Metadata-Version: 2.1
Name: edgar-analyzer
Version: 0.0.1rc2
Summary: Textual analysis on SEC filings from EDGAR
Home-page: https://github.com/mgao6767/edgar-analyzer
Author: Mingze Gao
Author-email: mingze.gao@sydney.edu.au
License: MIT
Classifier: License :: OSI Approved :: MIT License
Classifier: Programming Language :: Python :: 3
Classifier: Programming Language :: Python :: 3.8
Classifier: Intended Audience :: End Users/Desktop
Classifier: Intended Audience :: Financial and Insurance Industry
Classifier: Intended Audience :: Education
Classifier: Intended Audience :: Science/Research
Classifier: Topic :: Scientific/Engineering :: Information Analysis
Description-Content-Type: text/markdown; charset=UTF-8; variant=GFM
License-File: LICENSE

# edgar-analyzer
 
`edgar-analyzer` is a CLI tool to download SEC filings from EDGAR and perform textual analyses.

## Installation

```bash
pip install edgar-analyzer
```

## Workflow

### Setup

Download index files

```bash
edgar-analyzer download_index --user_agent "MyCompany name@mycompany.com" --output "./index"
```

Download filings (to be integrated)

```bash
edgar_analyzer download_filings
```

Build database (to be integrated)

```bash
edgar_analyzer build_database
```

### Run specific jobs

These tasks can be executed once the database of filings is built.

#### Find event date

```bash
❯ edgar-analyzer find_event_date -h
usage: edgar-analyzer [OPTION]... find_event_date [-h] -d data_directory --file_type file_type [-db databsae] [-t threads]

Find event date from filings from header data

options:
  -h, --help            show this help message and exit
  -t threads, --threads threads
                        number of processes to use

required named arguments:
  -d data_directory, --data_dir data_directory
                        directory of filings
  --file_type file_type
                        type of filing
  -db databsae, --database databsae
                        sqlite database to store results
```

#### Find reported items

```bash
❯ edgar-analyzer find_reported_items -h
usage: edgar-analyzer [OPTION]... find_reported_items [-h] -d data_directory --file_type file_type [-db databsae] [-t threads]

Find reported items from filings from header data

options:
  -h, --help            show this help message and exit
  -t threads, --threads threads
                        number of processes to use

required named arguments:
  -d data_directory, --data_dir data_directory
                        directory of filings
  --file_type file_type
                        type of filing
  -db databsae, --database databsae
                        sqlite database to store results
```

#### more to be integrated

## Example

Just a simple example of the job `find_event_date`. Based on the 1,491,368 8K filings (2004-2022), the table below shows the reporting lags (date of filing minus date of event). 
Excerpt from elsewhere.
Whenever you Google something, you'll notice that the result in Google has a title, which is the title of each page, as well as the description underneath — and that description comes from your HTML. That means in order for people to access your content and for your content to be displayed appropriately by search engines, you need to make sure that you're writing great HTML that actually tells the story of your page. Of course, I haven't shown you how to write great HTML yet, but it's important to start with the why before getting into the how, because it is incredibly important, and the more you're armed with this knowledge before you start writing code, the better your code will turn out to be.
We can find that _most_ filings are filed on the same day as the event reported, and that over 99.99% of filings are filed within 4 calendar days (SEC requires 4 business days).
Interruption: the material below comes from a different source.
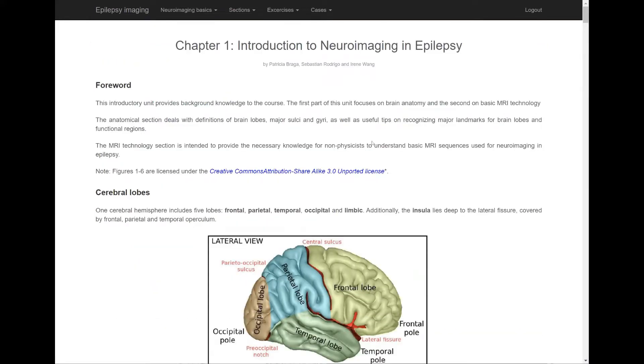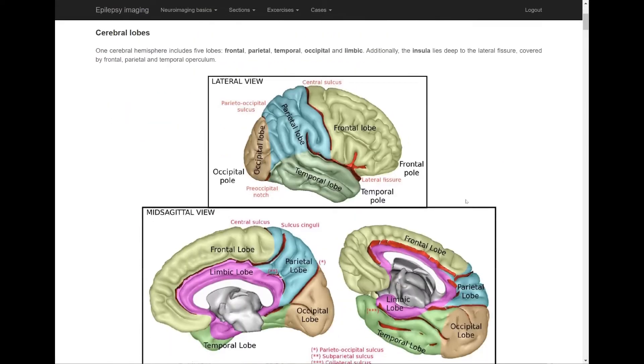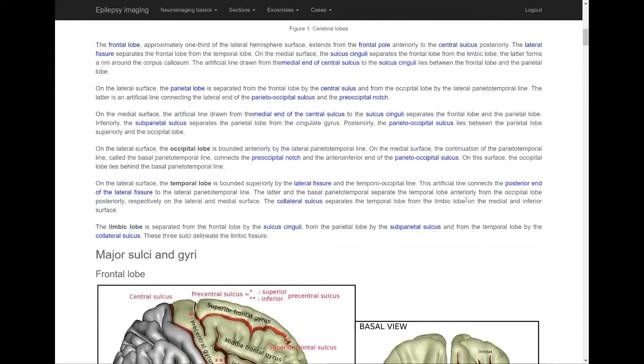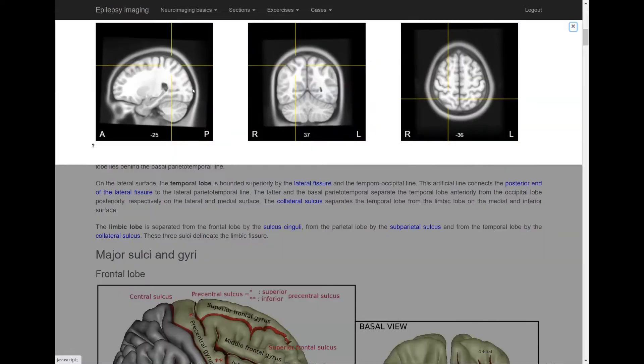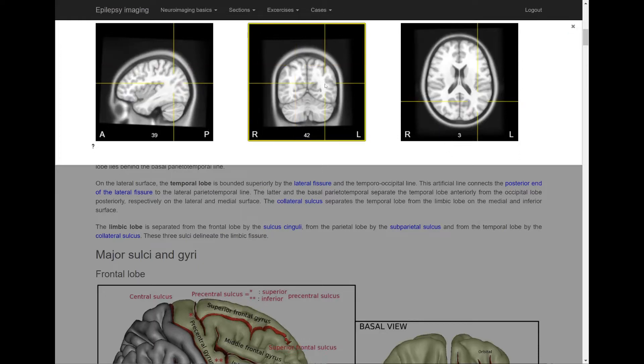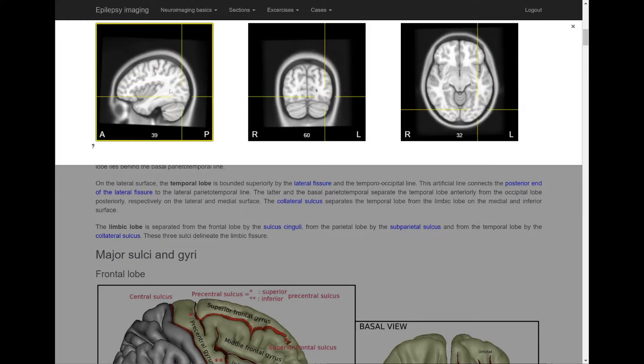Here is the chapter on anatomical landmarks. You'll notice that there are links embedded into the text. When you click on them, a separate panel opens that shows the respective landmark on a template MRI. This is however not just a static image but a fully functional MRI viewer.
| Filing lag   (calendar days) | Frequency | Percentage | Cumulative |
| ---------------------------- | --------- | ---------- | ---------- |
| 0                            | 1470089   | 98.57%     | 98.57%     |
| 1                            | 20761     | 1.39%      | 99.97%     |
| 2                            | 285       | 0.02%      | 99.98%     |
| 3                            | 89        | 0.01%      | 99.99%     |
| 4                            | 47        | 0.00%      | 99.99%     |
| 5                            | 26        | 0.00%      | 100.00%    |
| 6                            | 14        | 0.00%      | 100.00%    |
| 7                            | 6         | 0.00%      | 100.00%    |
| 8                            | 4         | 0.00%      | 100.00%    |
| 9                            | 3         | 0.00%      | 100.00%    |
| 10 or more                   | 44        | 0.00%      | 100.00%    |

## Note

This tool is a work in progress and breaking changes may be expected.